_PROMPT:_ Return the whole listing, line for line, without the pictures in it.
----- STORED DATA -----
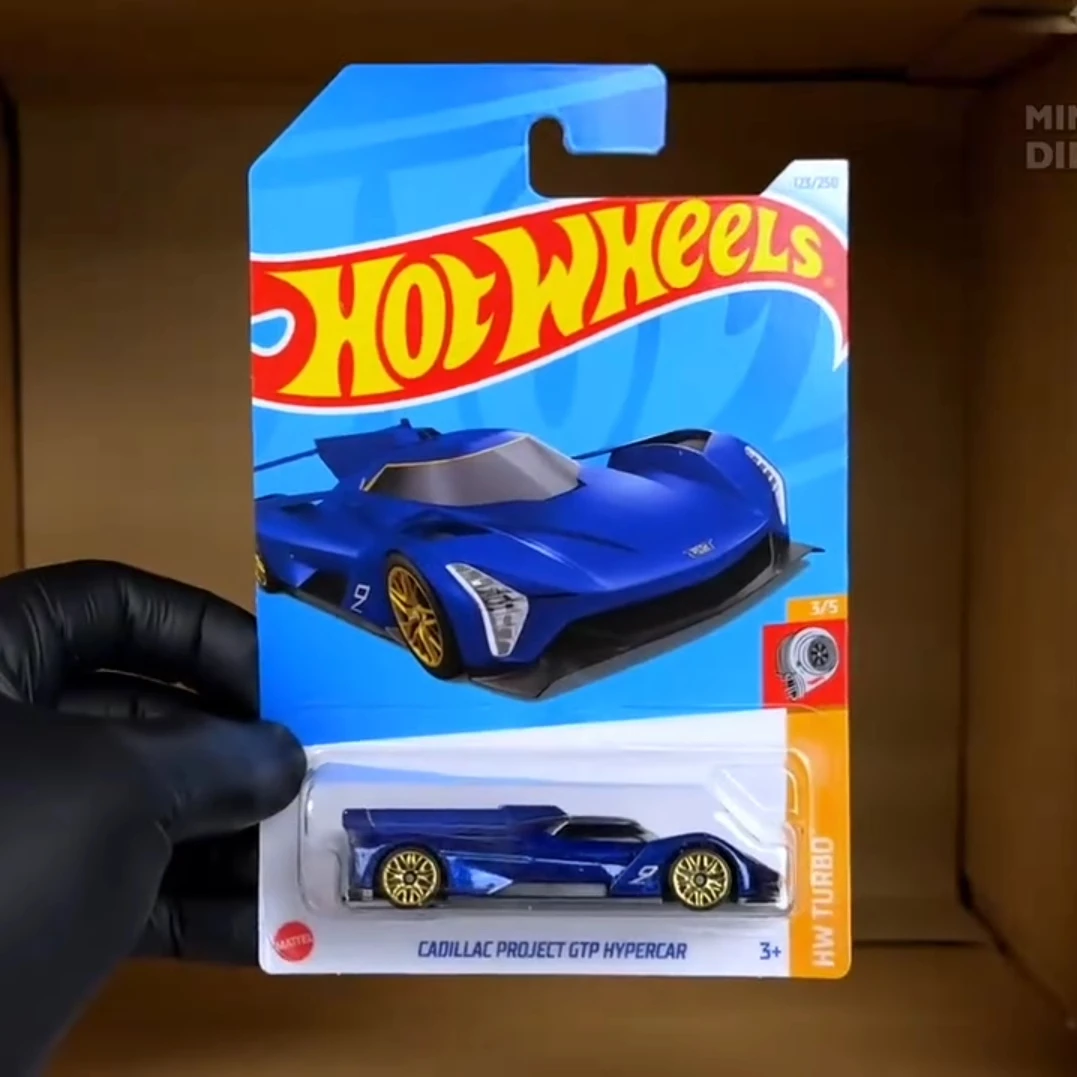 

Hot Wheels 1/64 PROJECT GTP HYPERCAR series коллекция литых под давлением моделей на колесиках, подарки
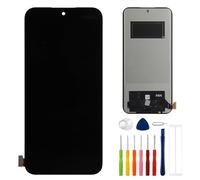 E-YIIVIIL Écran tactile de rechange compatible avec Oppo Reno 14F CPH2743 6,57" LCD Écran tactile Assemblage avec outils
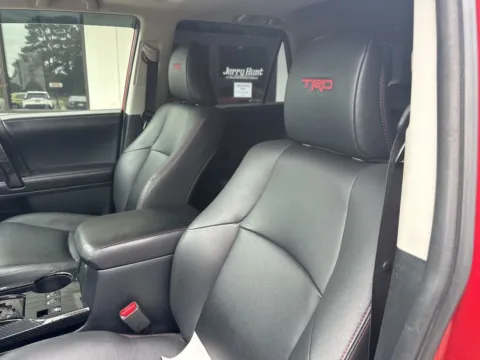 Photos of 2019 Toyota 4Runner TRD Pro for sale in Lexington, NC at Jerry Hunt Supercenter - Lexington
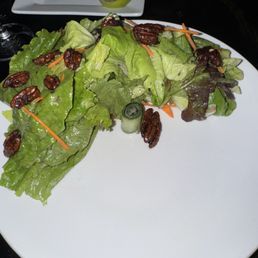 Local lettuce Local lettuce
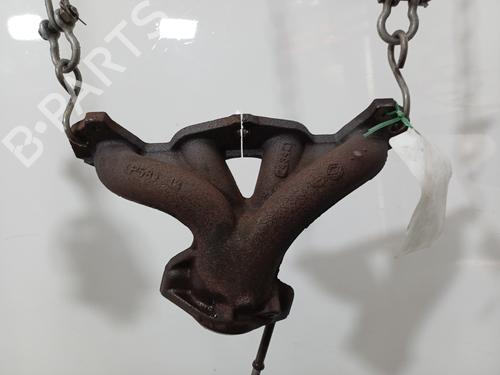Used Exhaust manifold Exhaust manifold 37275085 37275085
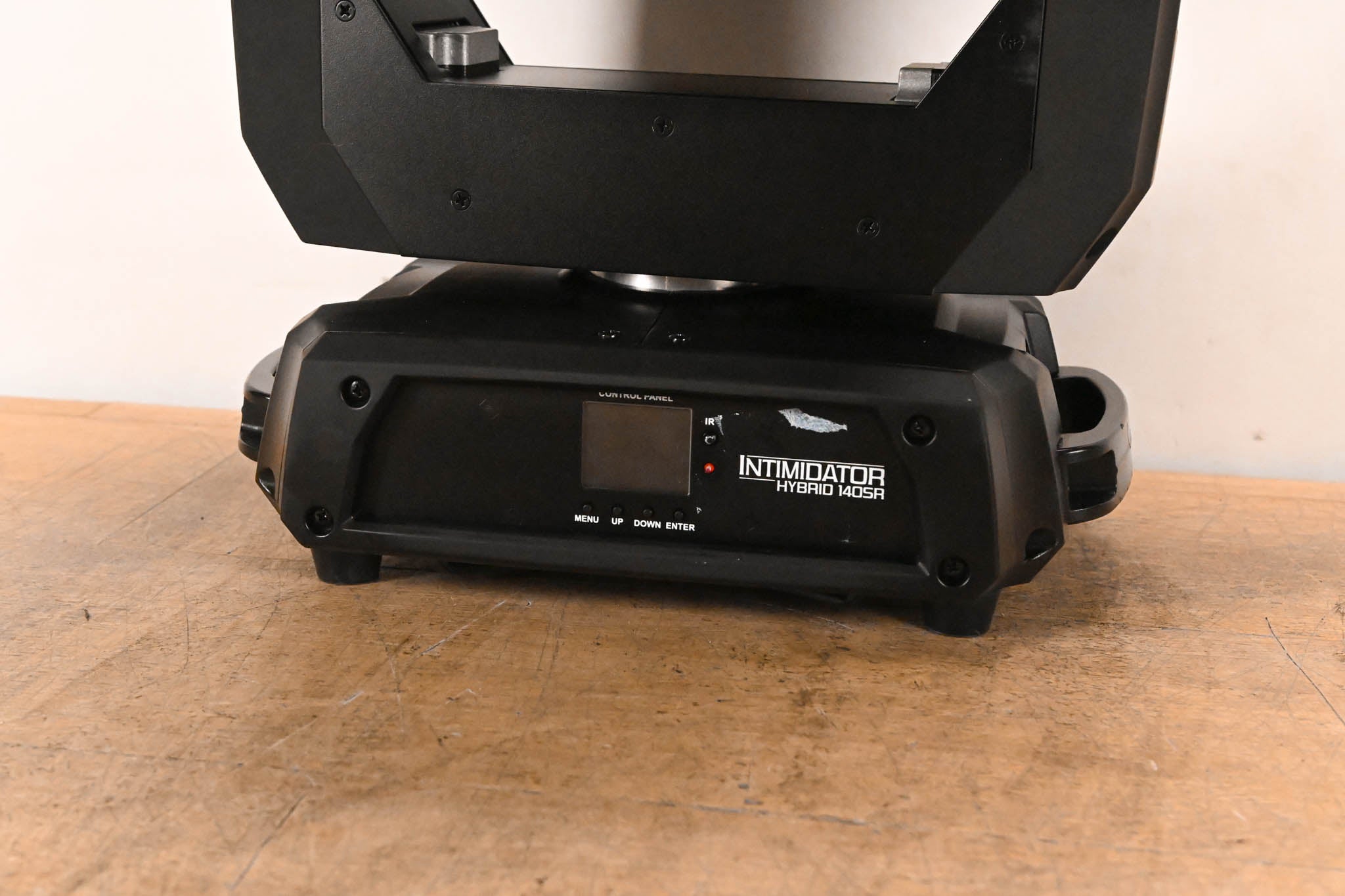 Chauvet Intimidator Hybrid 140SR Moving Head Lighting Fixture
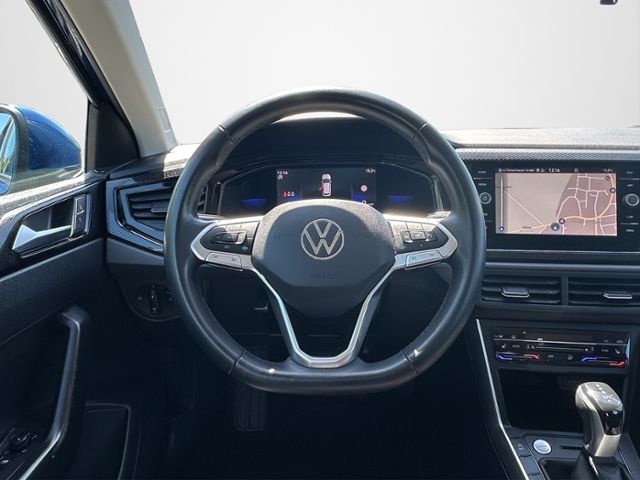 Volkswagen Taigo 2022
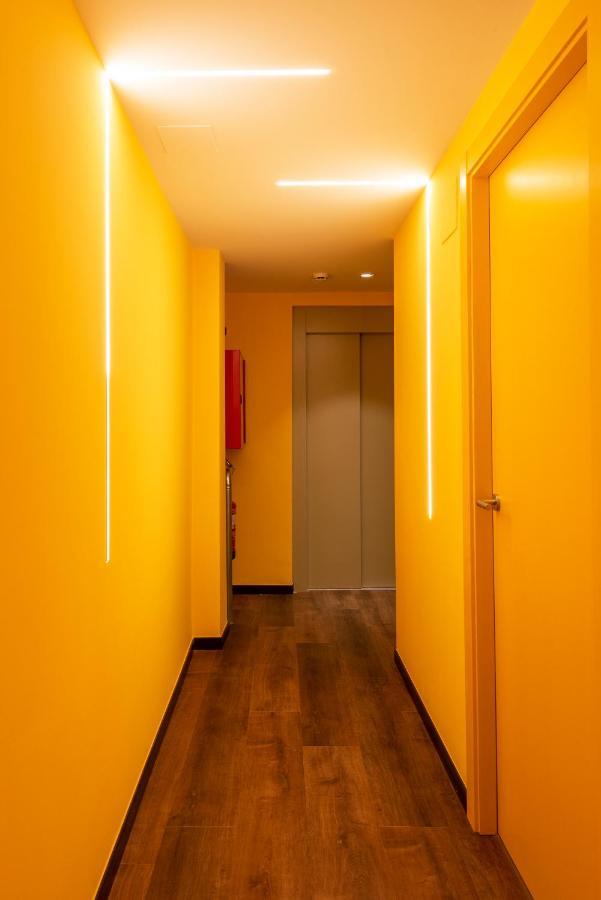 Hostelle - Women Only Hostel 巴塞罗那 外观 照片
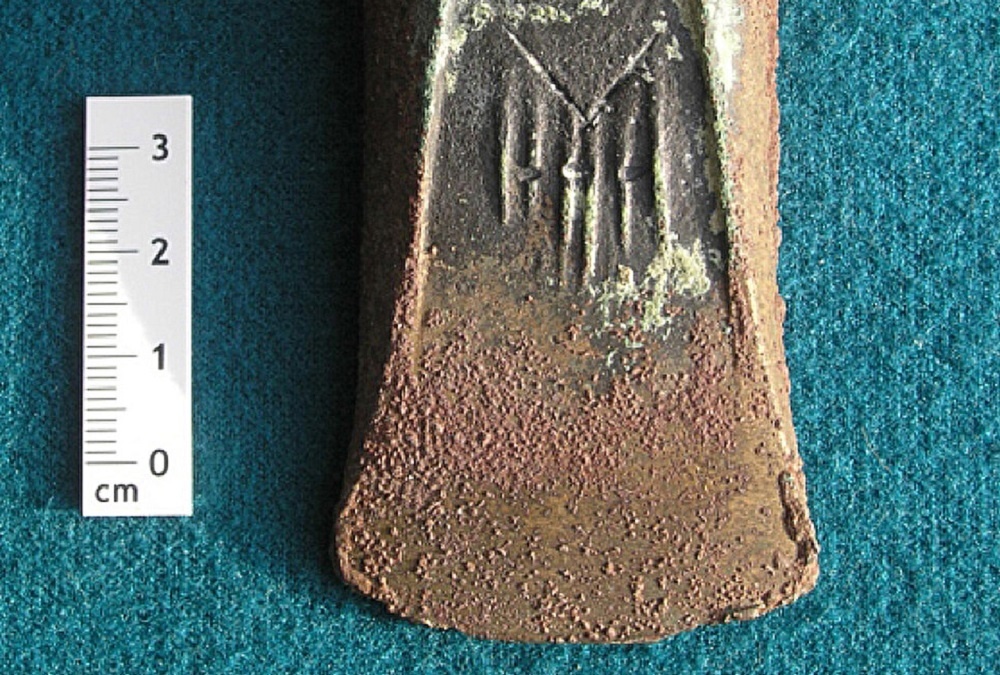     Фото: VK Merz & IK Merz, Antiquity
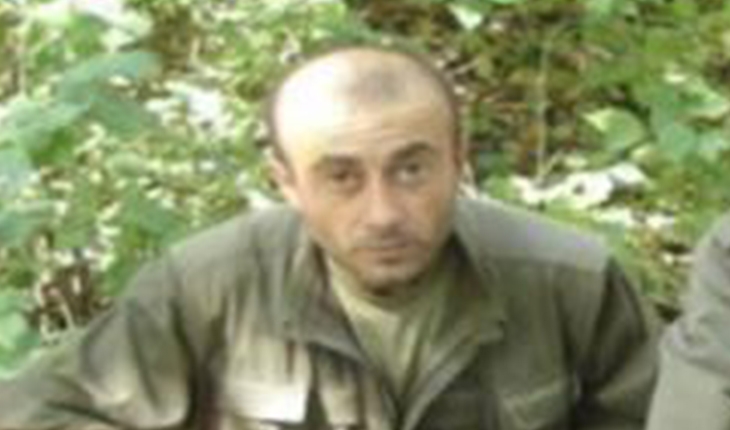 PKK/KCK’lı yabancı uyruklu terörist İstanbul’da yakalandı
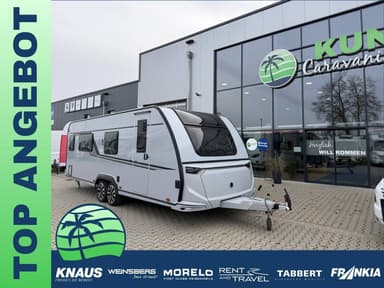 Knaus Südwind BLACK SELECTION 650 PXB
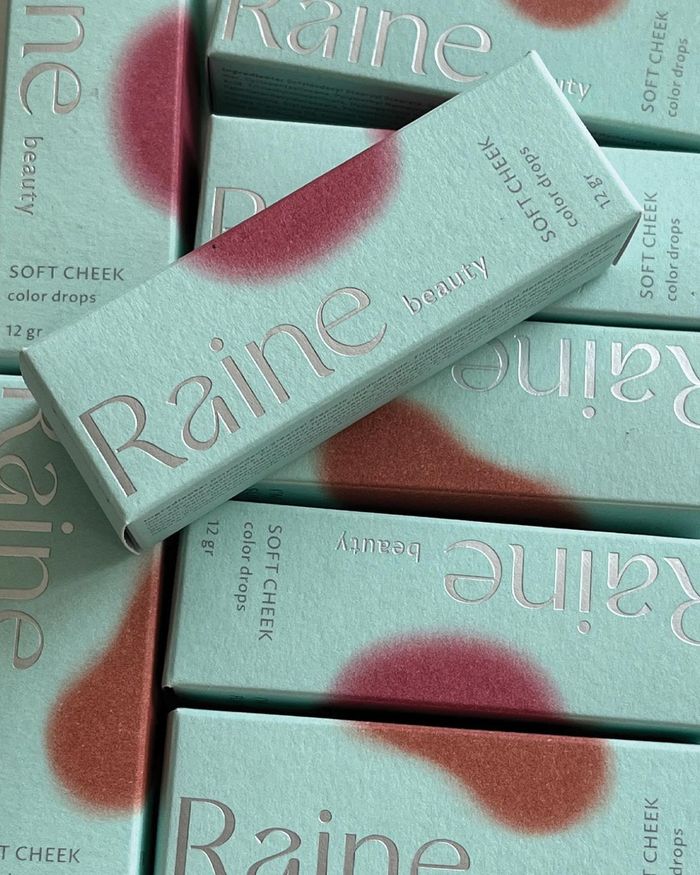 Raine Beauty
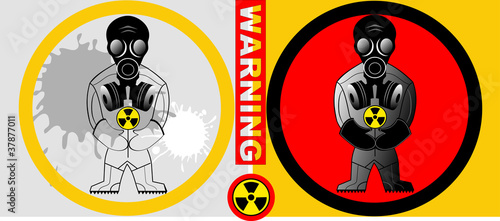 warning about the nuclear threat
-----
_EXPECTED ANSWER:_
Hot Wheels 1/64 PROJECT GTP HYPERCAR series коллекция литых под давлением моделей на колесиках, подарки
 E-YIIVIIL Écran tactile de rechange compatible avec Oppo Reno 14F CPH2743 6,57" LCD Écran tactile Assemblage avec outils
 Photos of 2019 Toyota 4Runner TRD Pro for sale in Lexington, NC at Jerry Hunt Supercenter - Lexington
 Local lettuce Local lettuce
Used Exhaust manifold Exhaust manifold 37275085 37275085
 Chauvet Intimidator Hybrid 140SR Moving Head Lighting Fixture
 Volkswagen Taigo 2022
 Hostelle - Women Only Hostel 巴塞罗那 外观 照片
     Фото: VK Merz & IK Merz, Antiquity
 PKK/KCK’lı yabancı uyruklu terörist İstanbul’da yakalandı
 Knaus Südwind BLACK SELECTION 650 PXB
 Raine Beauty
 warning about the nuclear threat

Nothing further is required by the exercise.